Throughout the centuries there have been many music clefs. We are concerned with the five (5) clefs seen most often in music of the modern period. These are the Treble Clef, Alto Clef, Tenor Clef and Bass Clef. The 5th clef is for instruments that don't produce defined pitches, such as drums and percussion.
Clefs are used to tell the musician what notes to play and in what octave. Without a variety of clefs, music would have to be written using lots of ledger lines (those telephone pole looking things). Clefs allow the music to sit mostly within the "staff" (the 5 lines that cross the page).
Each clef is shown with "Middle C" (The middle "C" on a piano keyboard)
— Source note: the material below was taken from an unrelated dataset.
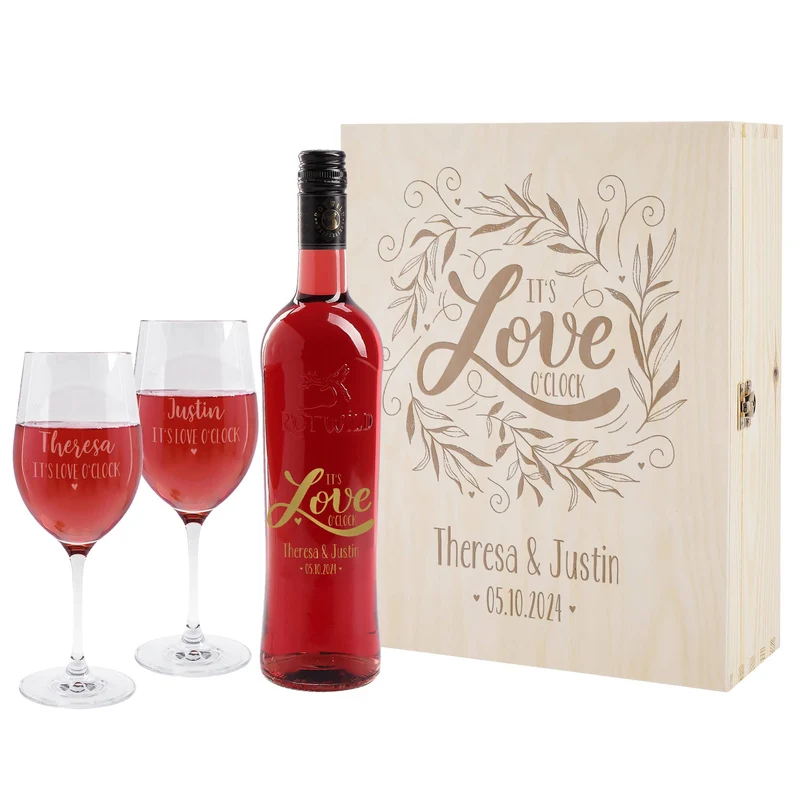 It's love o'clock - edles Geschenkset mit Weingläsern, Weinflasche und gravierter Holzbox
The Treble Clef (also known as the "G" clef) and the Bass Clef (also known as the "F" clef) are probably familiar to you. By far, these are the most commonly used clefs. Most instruments today use one or both of these clefs exclusively or at least primarily.
The other two clefs might look a bit strange if you have not seen them before. Both the Alto Clef and the Tenor Clef are known as "movable" clefs. Notice how they both use the same shape, but the clef appears in a different position on the staff. Notice how "Middle C" moves with the clefs as well, and how it appears where the two semi-circles come together. The Viola's primary clef is the Alto Clef. The Tenor Clef is used by certain instruments as they move into their upper registers to avoid overuse of ledger lines. Some instruments that might use the Tenor Clef are Cellos, Trombones and Bassoons.
The Percussion Clef: Clef used for instruments that don't produce defined pitches, such as drums or percussion.